Christmas is in the air all right. It’s hanging in the air like residual exhaust hangs the day after the tractor pull is over. And Santa’s elves are working overtime spreading, sprinkling, powdering, puffing, igniting and planting their merry scents everywhere.

At my office the janitor uses evergreen vacuum powder on the wall-to-wall carpeting. He switched from a pumpkin smelling scent right after Thanksgiving. Every evening he douses the rugs with this powder, then proceeds to vacuum it up. The odor is so strong it’s likely that one morning we will open shop only to find reindeer grazing in our cubicles.

Yesterday I was in the apartment of a guy trying to sell his place for more money than it’s worth. He recently hired a lady called a “stager” to make the place look and feel irresistible to potential buyers. The stager painted a couple of the walls bright colors. She brought in some furniture and plants. Then she set the dining room table with fancy china and put pots on the stove. Finally, she took the place one staging step further. She created what she described to me as an aromatic environment. What that means is the place smells - from every nook and possible cranny, smells wafting at you and around you.

The stager’s smells emit from plug-in devices she has installed in electric outlets throughout the apartment. But these are not cheap, ordinary, grocery store plug-in devices. The gizmos have little fans and they work nonstop spreading their smells throughout the rooms.

“It smells too much,” I told the stager.

I told her that the day before one real estate agent I showed the place to had run out the front door as her allergies to the aromas kicked in.
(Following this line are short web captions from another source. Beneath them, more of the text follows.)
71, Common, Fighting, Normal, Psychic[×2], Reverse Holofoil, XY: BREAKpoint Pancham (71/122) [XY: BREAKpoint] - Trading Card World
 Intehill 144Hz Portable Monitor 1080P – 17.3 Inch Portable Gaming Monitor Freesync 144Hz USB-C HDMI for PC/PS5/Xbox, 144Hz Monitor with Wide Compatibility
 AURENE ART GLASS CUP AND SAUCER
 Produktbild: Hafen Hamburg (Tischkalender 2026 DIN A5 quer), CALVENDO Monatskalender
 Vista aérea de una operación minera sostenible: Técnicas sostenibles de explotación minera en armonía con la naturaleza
The stager explained to me why I was wrong and that the smells have been scientifically proven to trigger brain endorphin that controls our house-buying mode.
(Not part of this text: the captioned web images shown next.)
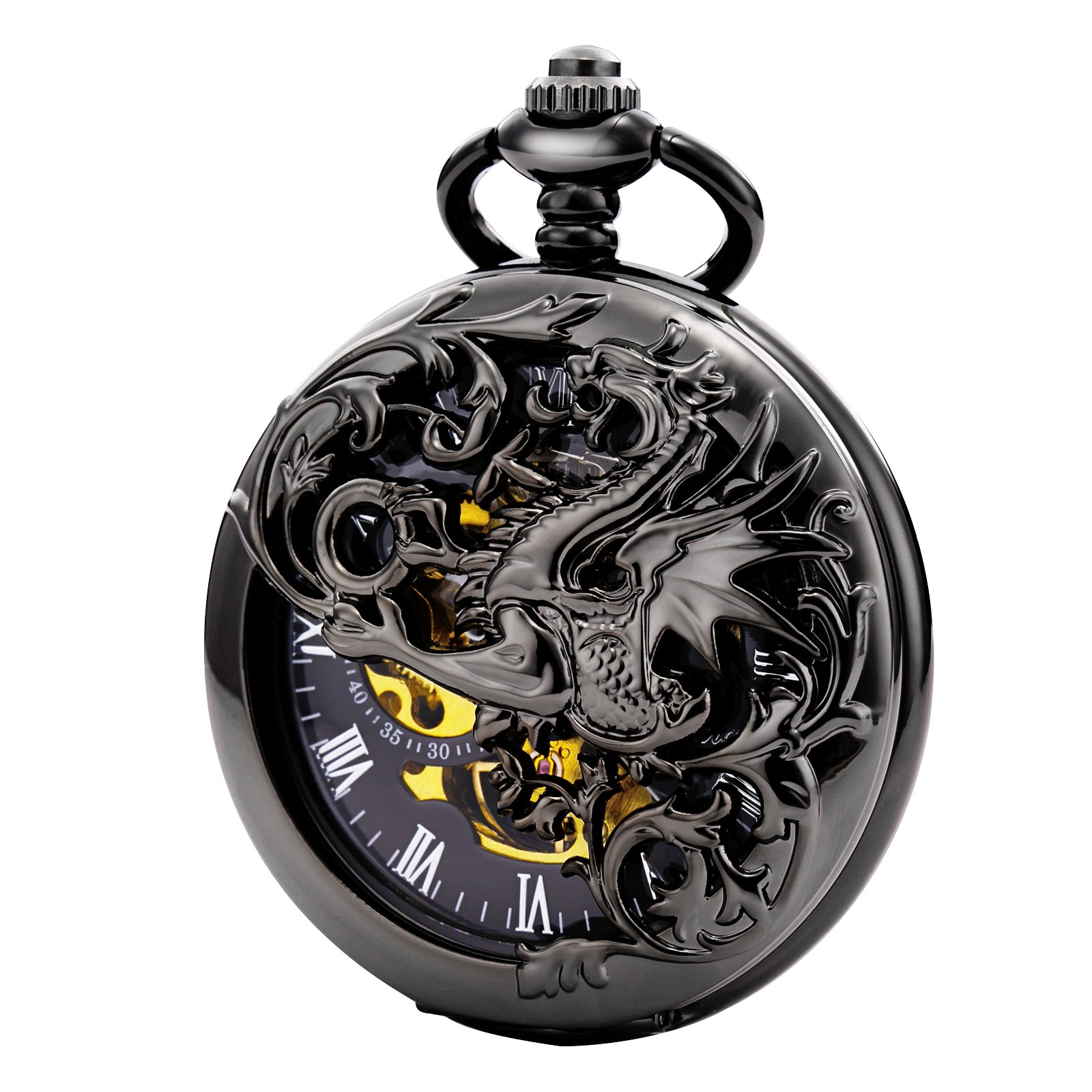 TREEWETO Antique Mechanical Pocket Watch Lucky Dragon Hollow Case Double Hunter Skeleton Dial with Chain + Gift Box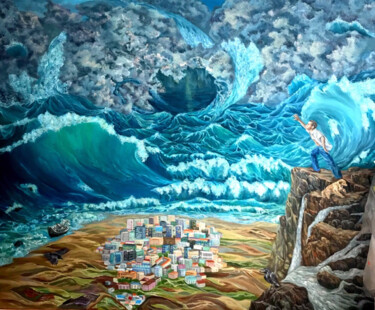 绘画 标题为““Tsunami. Ultimátum…” 由Pintor Nicolas, 原创艺术品, 油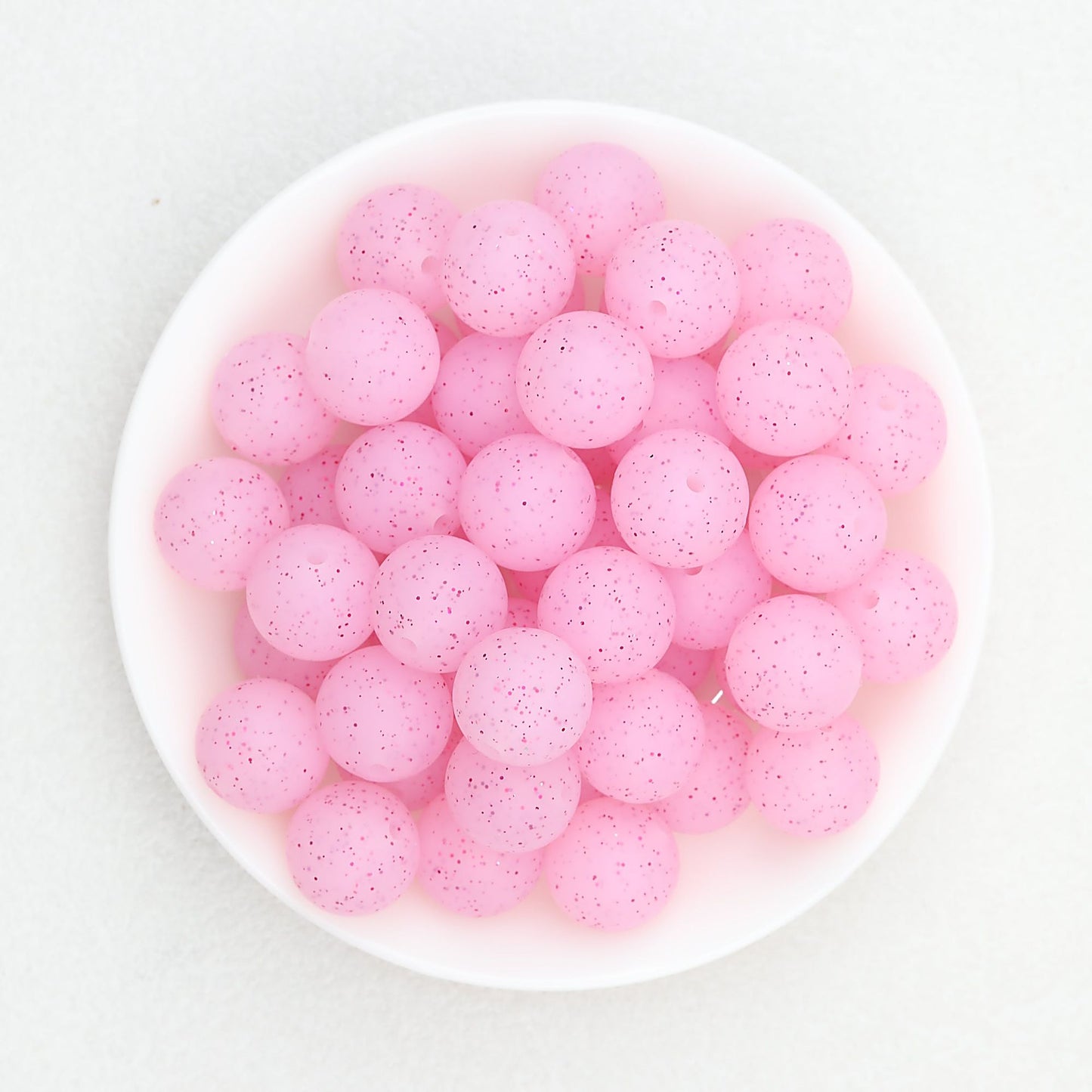 15mm Glitter Silicone Round Beads with 2.5mm Hole 50pcs - Glitter Pink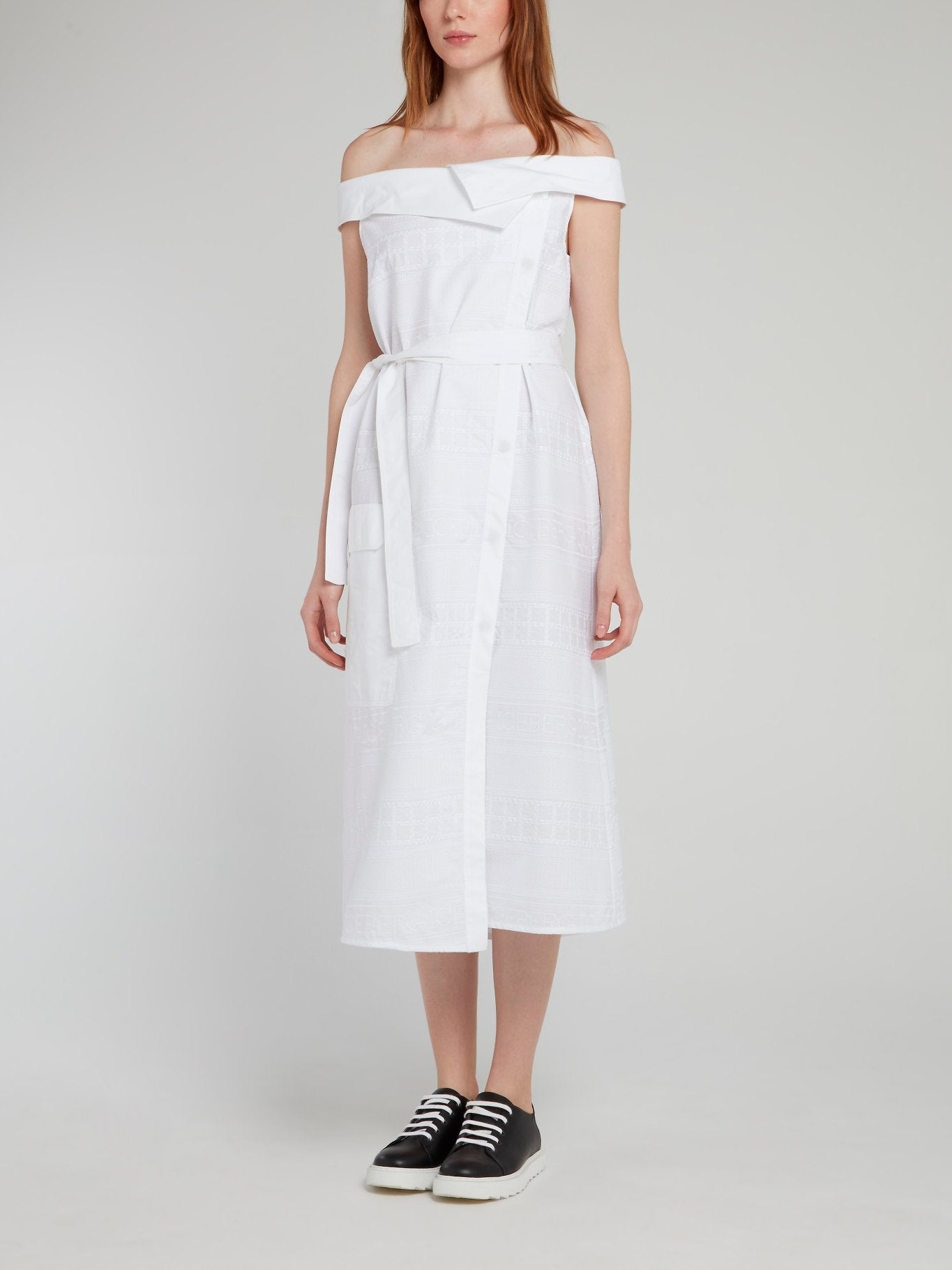 White Off-The-Shoulder Tie Front Midi Dress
“Really.......” I replied, as a lemony scent told my nostrils to tell my brain to tell my feet to flee out the back door ASAP.
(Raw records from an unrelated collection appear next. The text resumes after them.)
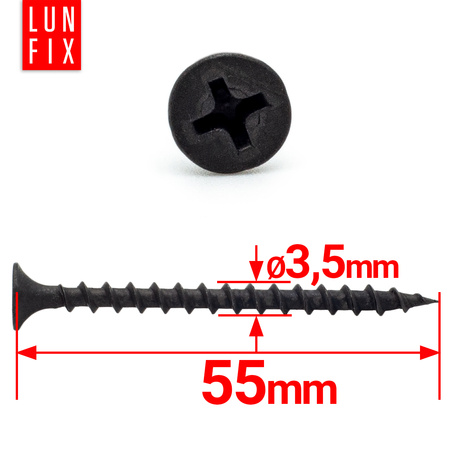 Wkręty do płyt gipsowych g-k 3,5x55 do drewna KGD 1kg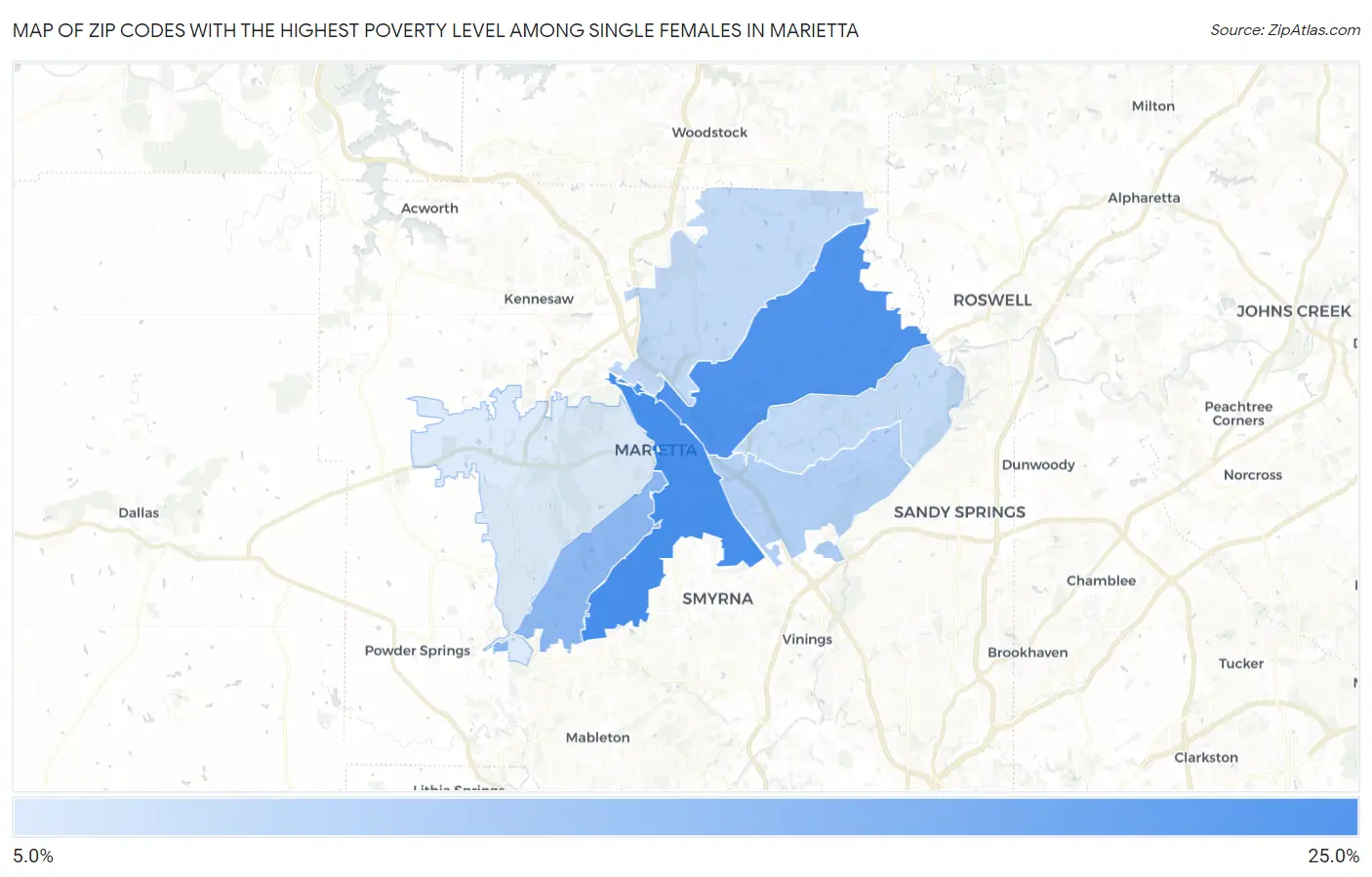 Zip Codes with the Highest Poverty Level Among Single Females in Marietta Map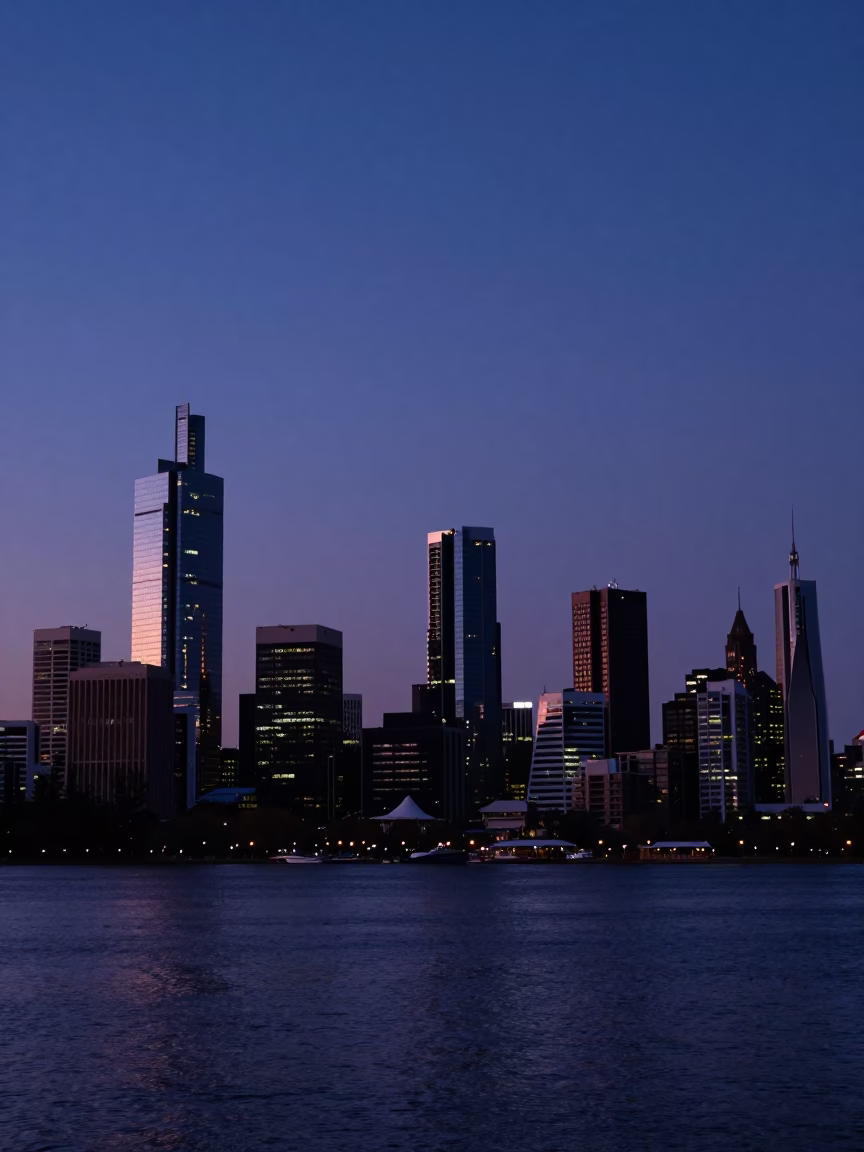 Skyline in Perth at Indigo Twilight After Sunset in in Perth, Western Australia, Australia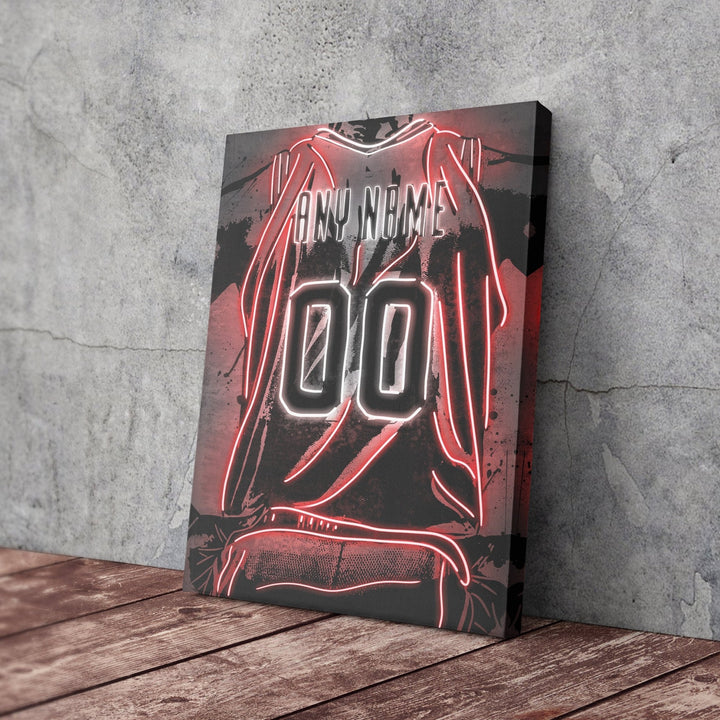 Houston Rockets Custom Jersey Canvas | Neon Wall Art - CanvasNeon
Apparently they haven’t perfected the smell that tells folks to pay too much for a plain Jane apartment that’s all show and no substance. Not yet, anyway, and I wonder what smell that particular aroma would smell like.

Over the weekend my wife and I were out and about running errands. After a solo run into the post office I popped back in the car only to find Santa’s elf had been busy.

“Peppermint?”

It wasn’t so much a question as it was that we had become the essence of peppermint, breathing it, wearing it, licking it as it hung heavy in the very air.

I looked in the back seat to see where 500 lbs. of peppermint could be loaded in a compact car.

“Essential oils,” she replied, “my Yoga instructor sells them. That was just three little drops of the stuff.”

Oh my, I thought to myself as my taste buds signaled my brain to look around the candy shop in which we must certainly be standing.

Now mind you, none of these smells are the real thing. The evergreen, the lemon, the peppermint, they’re all just ode to a chemical concoction.

What’s a fussy nose to do?

So while I crack a window here to get a whiff of the real outdoors, I’m left with one question to ponder.

“Santa does Yoga?”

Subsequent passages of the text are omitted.